It was the first night of the NBA Finals, and I was meeting some friends at a sports bar. Since my friends knew some of the guys there that night, I decided to text one of the guys I met on Tinder a couple of weeks before to see if he wanted to join us.
My latest "Tinderoni" was a very nice blue-collar man, just recently out of a seven-year relationship. He was trying Tinder as a way to meet new people and we became instant friends after our first date.
This was our third time hanging out and I was going to determine if we were going to stay in the friend zone or try for more. He confirmed he would join us later in the evening.
Meanwhile, drinks and food were flowing when a group of guys we’d never seen before walked in.
My friend Summer immediately pointed one out and said, “Hey Ravid, he’s cute.”
Fifteen minutes later, my friend Rachel turned to me and said, “Hey Ravid, if you’re trying to get married, you need to date that guy.”
That guy. They were both referring to the same guy. And he was cute. But just minutes later, Tinderoni showed up.
Our table had become very full without a seat to spare, so I asked the next table over if I could steal a chair.
“Actually, you can’t,” was the reply.
I looked up and found that it was the guy Rachel and Summer pointed out. He made sure to repeat himself, “You can’t have that chair. You have to negotiate for it.”
Negotiate? I offered up Summer. Hey, she thought he was cute!
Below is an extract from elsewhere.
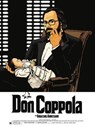 Don Coppola - Amazing Ameziane - 9782268109831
But he refused and insisted we keep negotiating. “You have to tell me what you want, that’s the start of a negotiation,” I said.
“Well, why are you here tonight?” he asked. This started a round of small talk, which mostly consisted of me talking about the Lakers (my favorite team) and talking smack about the Knicks since he was from New York.
“Are any of the men at this table your suitors?” he asked. Our table was congregated with other bar regulars, including some police officers we knew. “Because some of those guys are big,” he said while he himself stood at 6’3” before me.
“No, those are just some guys we know. But there's a guy at the bar I’ve been seeing,” I replied.
“Can I have your number anyway?”
I felt it would be disrespectful to give him my number given that I had invited someone else. And I think Tinderoni saw this interchange and decided to stay longer than he had anticipated.
The Negotiator and his friends started to head out, and my friend Summer kept motioning for me to look over. When I noticed him leaving, I quickly suggested to her with a smirk on my face, “Didn’t you think that guy was cute? You should go talk to him before he leaves.”
She followed The Negotiator outside and gave him my number. He called the next day and we scheduled our first date for Saturday night. It lasted for over seven hours!
We’ve been negotiating ever since.
That night the universe aligned to get us together. My friends pointed him out to me, and I said no twice. His friends pointed me out to him and he saw an opportunity despite the fact that there were large, “scary” men around me.
I realized that I had certain fixed ideas about who fit into my "type."
My friends, who know me so well, saw things a little more openly. They saw that he was a nice guy. It was apparent from the second he walked in.
He smiled a lot. To me, that came off as cheesy. Even months into dating him, it would bother me... I was like "why are you smiling so much?"
I learned that I was dismissing the very thing I had always said I wanted.
I said I was committed to dating a nice guy and not the jerks I had dated before, but when he was right in front of me, I judged him. And that's what we do when we're stuck on a type.
We judge. We judge someone because they smile too much, don't dress the way we would have liked, or don't have the career we'd always imagined. We can often miss out on a nice, honorable man in the process.
I was on a journey to do something that was uncommon and uncomfortable for me, so I gave him a shot. I can thank my friends for seeing how great we would be together before I did.
Sometimes it takes a village to find the right man for you.